━━━ INFORMATION PROVIDED ━━━

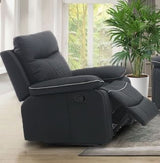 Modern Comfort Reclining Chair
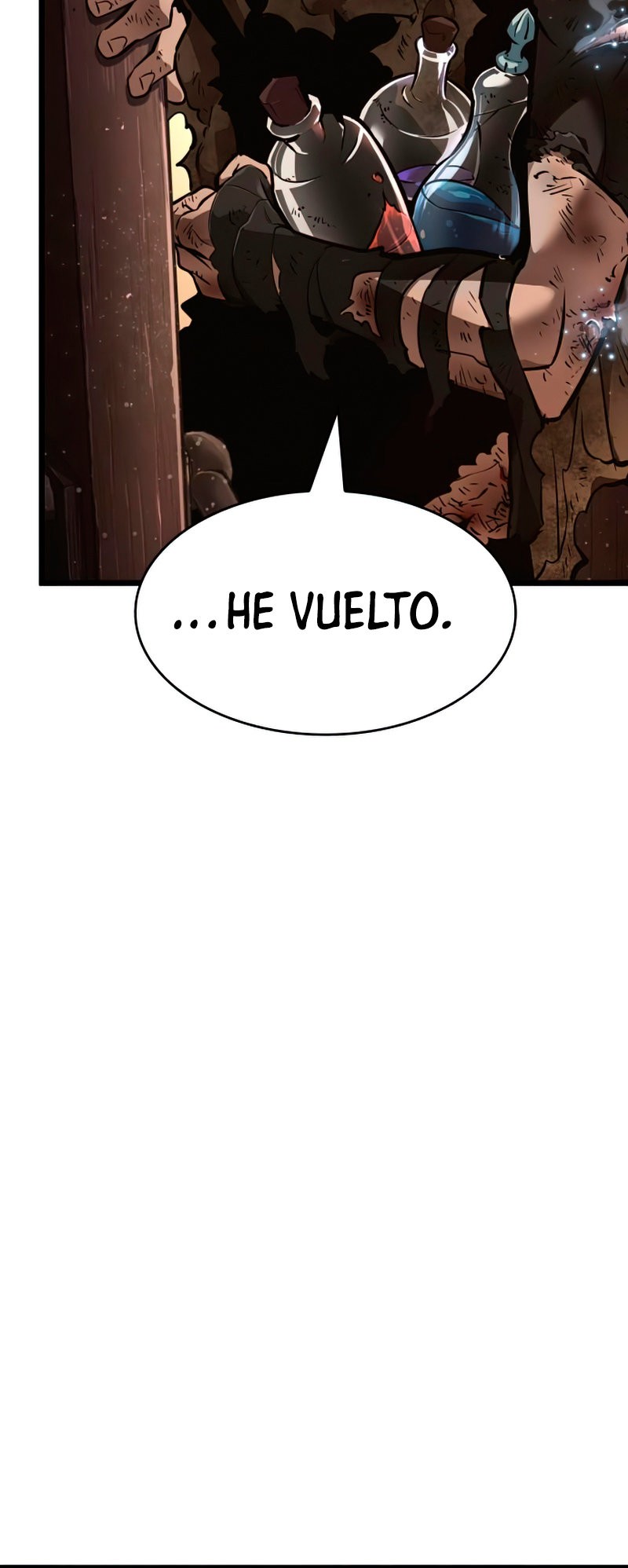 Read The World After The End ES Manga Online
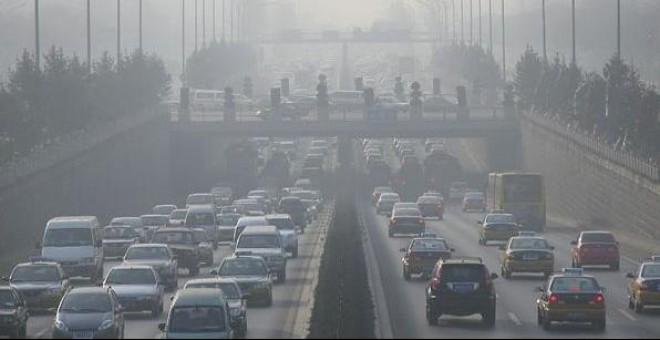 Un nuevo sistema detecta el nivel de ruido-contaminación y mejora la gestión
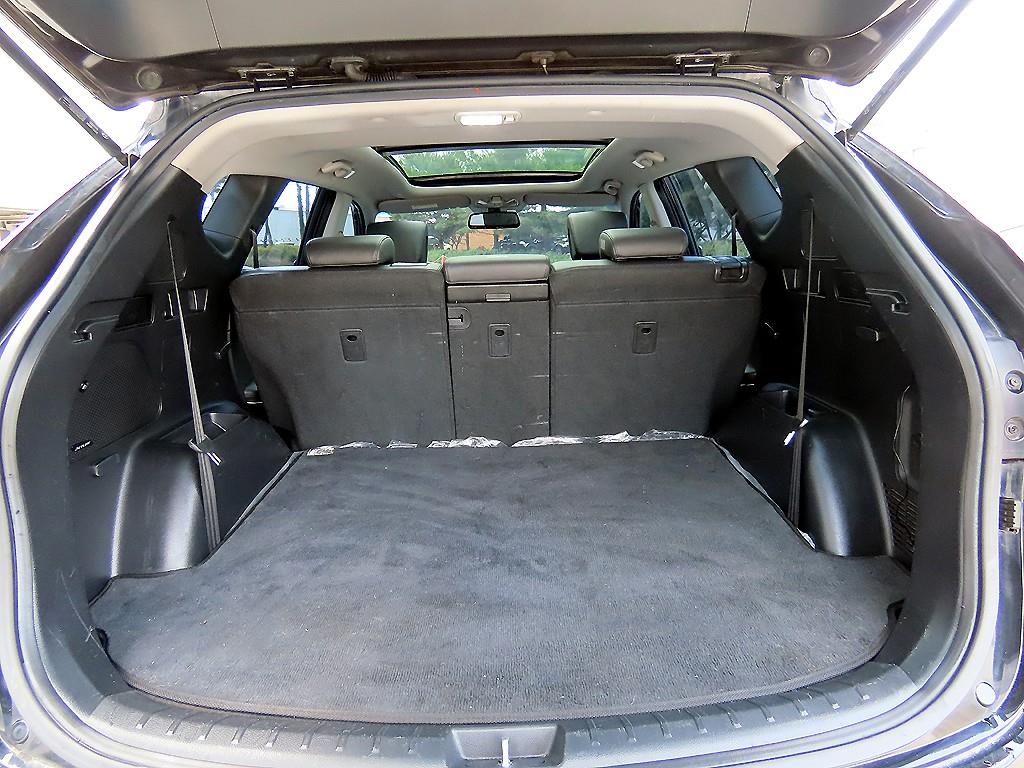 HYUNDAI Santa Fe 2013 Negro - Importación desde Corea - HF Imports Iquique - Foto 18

━━━

All of the data must be repeated exactly, except for the pictures.

RESULT FOR THIS EXERCISE.
 Modern Comfort Reclining Chair
 Read The World After The End ES Manga Online
 Un nuevo sistema detecta el nivel de ruido-contaminación y mejora la gestión
 HYUNDAI Santa Fe 2013 Negro - Importación desde Corea - HF Imports Iquique - Foto 18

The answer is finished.